The so-called less lethal weapons are designed to break up mobs engaged in dangerous behavior or deter would-be assailants who pose a threat. They aren’t intended to kill. But research has shown the weapons can cause devastating injuries or death. Federal guidelines generally prohibit agents from targeting the head, neck, throat or spine when firing projectiles like rubber bullets or pepper balls.
ProPublica and FRONTLINE conducted dozens of interviews at protest scenes, reviewed hundreds of pages of court documents and photographs, and analyzed some 50 video-recorded incidents in which immigration agents and officers used these weapons in the last five months. That review found more than two dozen cases in which officers deployed the weapons in ways that appear to flout the government’s own rules, including by aiming at someone’s head, spine or groin and deploying chemical agents at moving vehicles or near children.

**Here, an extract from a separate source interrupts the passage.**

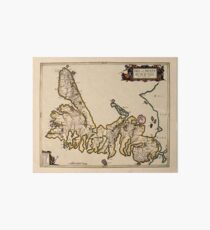 Map Of The Isle Of Skye 1654 Art Board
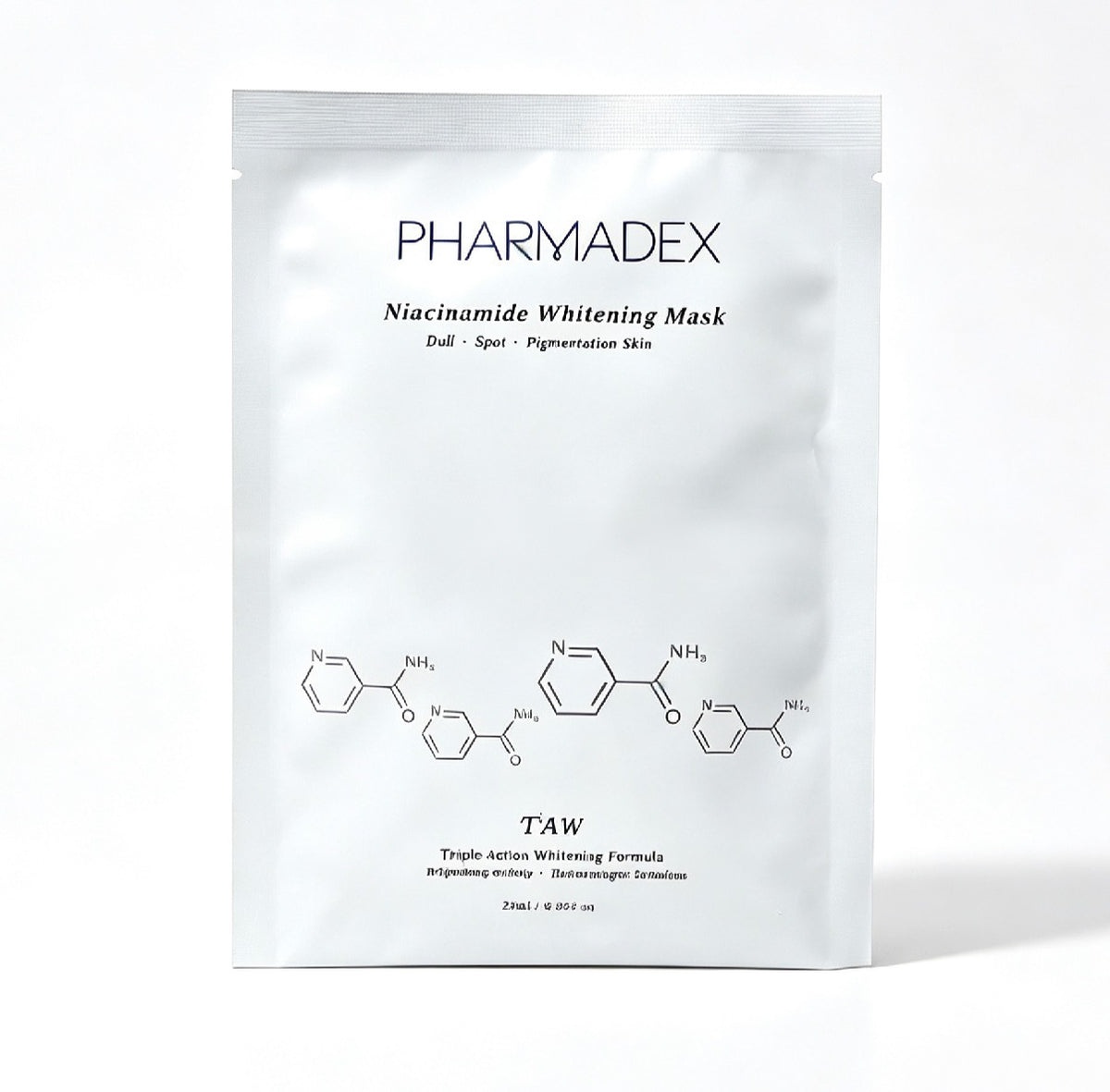 PHARMADEX 煙醯胺美白退黑神奇面膜Niacinamide Whitening Mask (1套10片）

In Southern California, federal law enforcement fired pepper balls and rubber bullets at people’s heads and backs at least five times, and at least once at a man’s groin, records and interviews show. In Oakland, California, an unarmed pastor who posed no obvious threat was blasted in the face with pepper powder. In Chicago, where more than a dozen people reported being indiscriminately pelted with pepper balls, entire blocks were enshrouded in tear gas, forcing people from their homes. A religious leader was targeted in his head with pepper balls.